Jason Preston
Writing

How important is RSS to blogging?

[Image: Dilbert]RSS has been one of the central technologies to blogging since the very beginning. It’s one of the things that makes blogs stand out so clearly from sites that are simply “frequently updated web pages.”

It’s nearly impossible to keep up with all the news and information on the internet now without using some sort of RSS aggregator, or at least using a service that ports RSS feeds into daily digest e-mails. In most respects, blogging wouldn’t be blogging without RSS.

Which is why I’m always surprised when people cut their RSS feeds. It’s like neutering your pet. It makes your blog so much less potent when you essentially cut off a huge portion of your distribution.

Imagine a newspaper deciding that it was going to deliver only a list of their headlines, and if people wanted to read the articles they would have to go visit the downtown office.

The most recent example of this is The Dilbert Blog, which is in my blogroll and which I read religiously for years.

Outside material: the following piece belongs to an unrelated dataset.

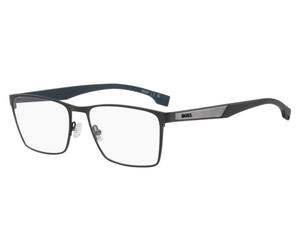BOSS 1828 Men's Glasses, Black, Size 58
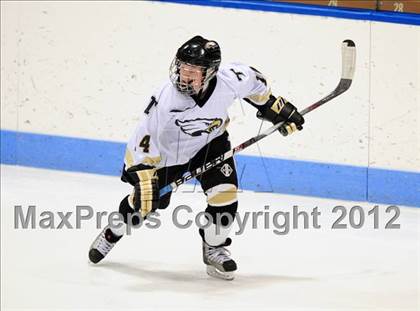 Thumbnail 3 in Branford vs. Trumbull (CIAC Division II Final) photogallery.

About a month and a half ago Scott Adams decided that since he wanted to make money on ads and people were reading his blog via the feed instead of via the site (and therefore skipping the ads), he would truncate the feed so that people would have to visit his site to read the blog.

The end result: I’ve read only four of his posts since then. FOUR. That’s about 10% of something where I used to read 100%.

And here’s the kicker: it’s not the ads. It’s the convenience. I have to go the site. Wait for it to load. I can’t read it with the rest of the blogs I read, I have to make a separate window, spend extra effort to read that blog individually. I can’t use google gears to read it in offline mode.

Basically, I have to drive over to Dilbert offices to read the damn thing. And it’s just not worth it anymore.

Stuff your RSS feed with ads, please, but don’t truncate your RSS feed. It defeats the whole purpose of blogging.